Le fonctionnement de l'arrêt maladie
L'arrêt maladie est un droit du salarié quand son état de santé ne lui permet pas de travailler. Ce droit est souvent mal compris, tant par les salariés que par les employeurs. Les obligations de chaque partie, les conditions d'indemnisation et les limites de ce droit méritent d'être clairement posées pour éviter les malentendus et les abus dans les deux sens.
Les démarches en 48 heures
Le salarié doit envoyer les volets 1 et 2 de l'avis d'arrêt de travail à sa caisse d'assurance maladie et le volet 3 à son employeur, le tout dans un délai de 48 heures. Ce délai est impératif : un envoi tardif peut entraîner une réduction des indemnités journalières. Depuis la généralisation de la téléconsultation, beaucoup d'arrêts sont transmis électroniquement, ce qui accélère le processus.

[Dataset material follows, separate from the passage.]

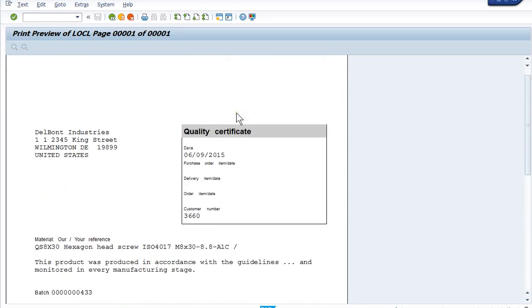The longer version would have been creating a sales order, a delivery, posting goods issue, and then getting our certificate of analysis to print. And that then would be linked to the delivery so we can reprint as well.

Les heures de sortie autorisées
Sauf mention "sorties libres" sur l'arrêt, le salarié doit être présent à son domicile entre 9h et 11h et entre 14h et 16h. Ces plages sont celles pendant lesquelles un médecin contrôleur peut passer. Le non-respect de ces horaires peut entraîner la suspension des indemnités. Les sorties restent autorisées en dehors de ces créneaux, ainsi que pour les soins et consultations médicales.
L'indemnisation en détail
L'indemnisation combine les indemnités journalières de la Sécurité sociale et le complément éventuel de l'employeur. Le montant total dépend de votre ancienneté, de votre convention collective et de la durée de l'arrêt.

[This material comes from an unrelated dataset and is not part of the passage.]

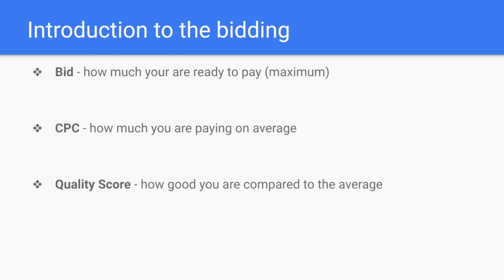CPC differs from one topic to another, from one location, language, and many other variables. But from my experience, it's usually about 50 to 80 percent of your bid. That means we can set bids a little bit higher than we're ready to pay, because the actual CPC will always be lower.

| Période | IJSS (Sécu) | Complément employeur (loi) | Total indicatif |
|---|---|---|---|
| Jours 1-3 | 0 € (carence) | Selon convention | 0 à 100 % |
| Jours 4-7 | 50 % du salaire | 0 (si < 1 an ancienneté) | 50 % |
| Jours 8-30 | 50 % du salaire | 90 % - IJSS (si 1+ an) | ~90 % |
| Jours 31-60 | 50 % du salaire | 66 % - IJSS (si 1+ an) | ~66 % |
Le complément employeur
La loi de mensualisation impose à l'employeur de compléter les IJSS pour les salariés ayant au moins 1 an d'ancienneté. Le complément porte le total à 90 % du brut pendant les 30 premiers jours, puis 66 % pendant les 30 jours suivants. Ces durées augmentent avec l'ancienneté (+ 10 jours par tranche de 5 ans). Votre convention collective peut prévoir des conditions plus favorables, vérifiez-la.
Les droits et obligations pendant l'arrêt
L'arrêt maladie n'est pas un temps de vacances ni de liberté totale. Des règles s'appliquent aux deux parties.
- Le salarié doit respecter les prescriptions médicales et les horaires de sortie autorisées
- Le salarié ne doit exercer aucune activité professionnelle pendant l'arrêt (y compris bénévolat organisé)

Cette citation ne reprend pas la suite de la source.